The term iPod generation has come to stand for young people who are somewhat inward-looking, and insular to the world around them. They express this attitude to the outside world by locking themselves away behind a pair of shiny white earphones. That term is unfair to the pioneering mobile entertainment device of the last 30 years. It should be, in fact, called the Walkman generation
In July 1979, Sony launched a portable audio cassette player under the brand name Walkman. Initially, the device was dismissed in both the local Japanese and international press. Who would want to roam around with big headphones around their head?
Since then, Sony has sold over 220 million Walkman devices. Competitors and imitators making rip-offs have no doubt sold many million more. And now Sony has announced that it will not make any more cassette versions of the device.
When the Walkman was launched, it was the first time consumers had an entertainment platform that was portable and, most importantly, personal. They were no longer subject to the choice of music determined by radio or TV stations. Nor did they have to think about the people around them. Armed with headphones and a tape of music they put together, they could shamelessly personalize the experience.
Since then, researchers have used it to explain changing social, consumer and technology trends.
While selling the Walkman, Sony established many of the precepts of modern technology branding and marketing. Like the iPhone, for instance, the Walkman also convinced consumers that a mass-produced device could be intensely personal. And that a gadget can also be an indicator of social situation and choice.

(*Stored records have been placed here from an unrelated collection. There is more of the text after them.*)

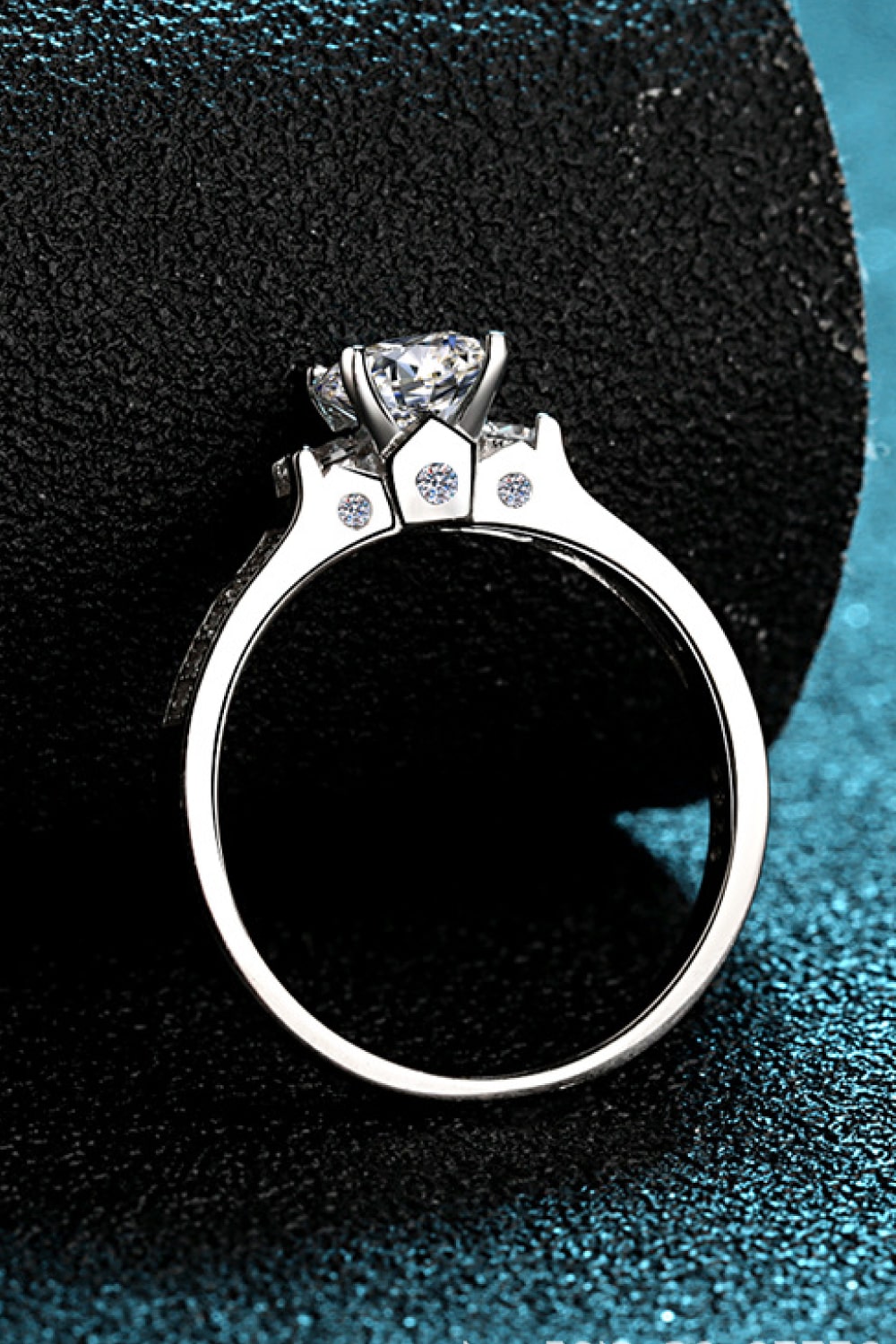 .8 Carat Lucky Charm Moissanite Rhodium-Plated Ring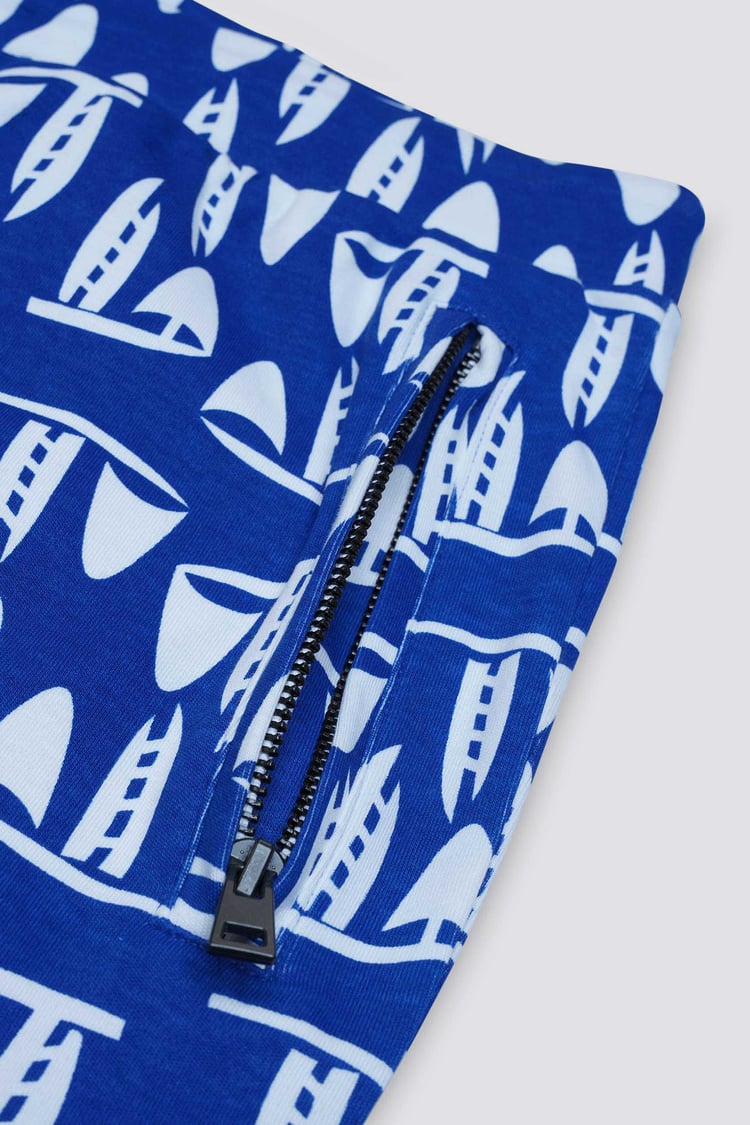 Printed Shorts With Zip Pocket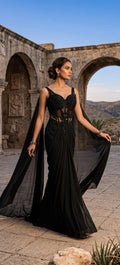 Party wear black lehenga for women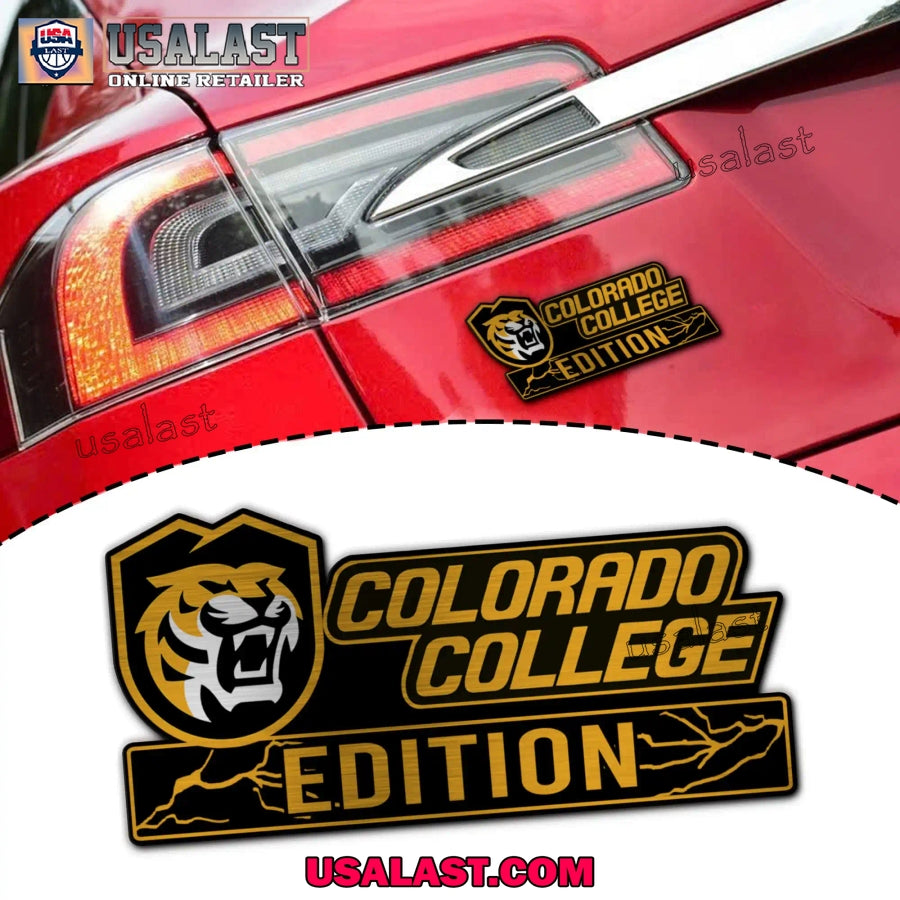 NCAA Colorado College Tigers Car Emblem Custom 3D Badge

For the music industry the Walkman perhaps accelerated the threat of piracy. Pirates were mixing and recording tapes well before they were swapping MP3 files.
The onus of being a generation’s talisman has, however, passed on. The market is dominated by Apple. The iPod, incidentally, celebrated its ninth birthday almost to the day Sony retired the tape Walkman. Apple has sold as many iPods in nine years as Sony sold Walkmans in 30. But the Walkman’s legacy is stronger than ever. The tape has ended. But the music plays on.